The pair worked together a few times, Ellison wrote two episodes of JMS's Babylon 5 space-centric tv series, as well as JMS adapting for film one of Ellison's works, "Repent, Harlequin! Said The Tick Tock Man" .
You can read JMS's letter here, or scroll down:
I come from a background of absolute poverty. As a kid I lived in the Projects in Newark, in the roughest parts of Paterson and Watts, and for a while, Skid Row. In the areas where I lived, career options were limited to crime, pumping gas, bagging groceries, prison and death. So when I said I was going to be a writer, nobody believed me. Kids like me didn't become writers. The popular conception was that writing was an ivory-tower profession practiced by well-educated folks in smoking jackets who wrote while reclining on Macassar couches. My world did not connect with that world at any two contiguous points. I was a street rat.
Then, one day, I stumbled upon an anthology by Harlan Ellison, a self-professed street rat who ran with a street gang, was bounced out of college, and told repeatedly by teachers and others that he would never be a writer.
It was the first time I was able to connect to someone who came from the world I lived in, who had – through perseverance, talent and sheer force of will – made it as a writer.
From that day on, I collected everything I could find by him. Every magazine article, every anthology, every essay, every introduction. His introductions reinforced the concept of writing as a job of work, and that it didn't matter where you came from as long as the words were there and you never stopped fighting for the integrity of those words. Those pieces sustained and nurtured me through years when I might otherwise have given up.

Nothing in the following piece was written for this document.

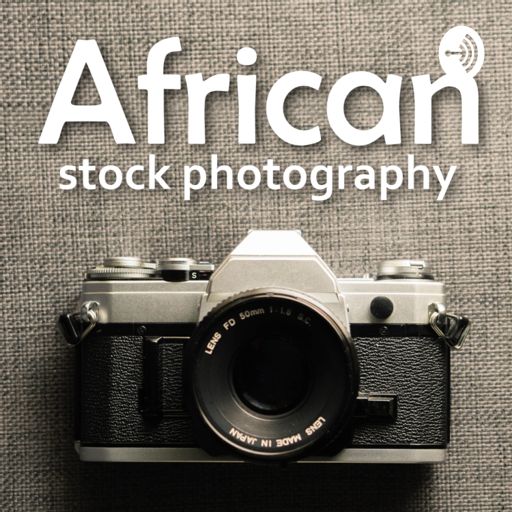 Cover art for podcast African Stock Photography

Fifteen years after discovering that first book, I got to meet and gradually, slowly, become a friend to Harlan. I dedicated much of my life to paying back just a little of what he had, unknowingly and unwittingly, done for me. There are many stories I can tell, and some I cannot, about those years. But this one very small story I will tell because it illuminates the man behind so much myth.
Harlan and his wife Susan had taken several of us out to dinner in downtown Los Angeles. Later, with Harlan at the wheel and me riding shotgun because he always made sure I had that seat due to my height, we were driving back through some of the sketchiest and most gang-run parts of town because a) this was the fastest route and b) Harlan was fucking fearless. It was clear from the dealers and others eye-fucking us as we drove past that we weren't supposed to be there, and wherever we were going, we'd best just keep going there.

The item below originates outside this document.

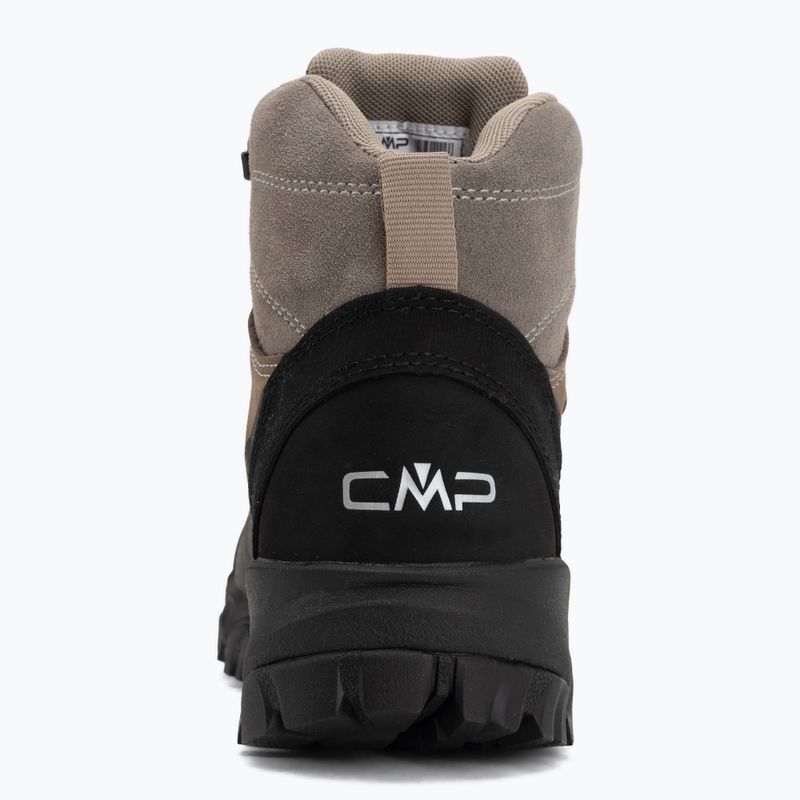 Încălțăminte de trekking pentru femei CMP Dhenieb Wp deserto/corda 6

Then, on the right, we passed a homeless woman sitting by herself on the curb, one hand covering her face, the other on the shopping cart that held her few possessions. She wasn't looking for a handout or asking for money. Just exhausted and tired and, though you could not see her face, clearly in tears. At the speed Harlan was driving, it was only a glance as we passed.
Harlan hit the brakes. Glanced in the rear and side mirrors. "Goddamnit," he said, "she's all alone." He punched the steering wheel, then – an inner decision made – got out of the car and walked the half block down to her. We didn't know what the hell to do any more than the guys watching from the shadows.

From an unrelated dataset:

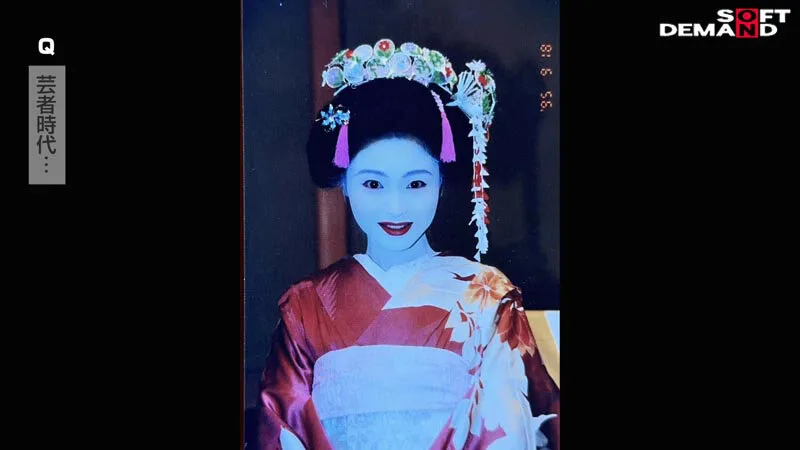 綾瀬麻衣子(52)はなぜカメラの前でSEXをしてきたのか?「AVデビューから34年。私、素人に戻ります」 サンプル画像3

I popped the door enough to hear what was being said, and to be ready to jump in if anything went wrong.
"Are you okay?" he said. "Do you need anything? Can I do anything?"
She shook her head, but I could not make out her words.
"It's gonna be okay," he said. "You'll be all right."
Then, with an economy of motion, so no one else would see what he was doing, he reached into his jacket, fumbled one-handed with his wallet, and pulled out some bills. Then he carefully slipped the money into her hand, sheltering the move from view.
"Don't let them see you have this, okay?" he said. "Go get something to eat. Maybe a place to stay for the night. You're not alone."
Then he straightened and came back to the car. He didn't acknowledge it but when I glanced over at him I could see that his eyes were moist. He didn't say anything else, and we continued north into the valley.
I know many fine people, good and caring and charitable. But I cannot think of anyone else who would have had the perception to see her, the compassion to stop for her, or the courage to walk out into a no-man's land where he could have been shot and robbed to make sure she was all right.
That was my friend Harlan.
"You're not alone."
That was what his words told me when I was fifteen and very much needed to hear it.
"You're not alone."
It's what he told a complete stranger decades later, and in so doing gave her a moment's light and hope.
"You're not alone."
It's what he wrote about in every essay, every introduction, every television episode and every short story. Despite the night and the fear and the failure and the thugs and the danger and yes, the death we face: we are not alone.
Harlan is gone.
And those of us who knew him must try, very hard, to remember that we are not alone.
It's not going to be easy. Not for a while, at least.
But we'll get there. Because that's what he would have wanted.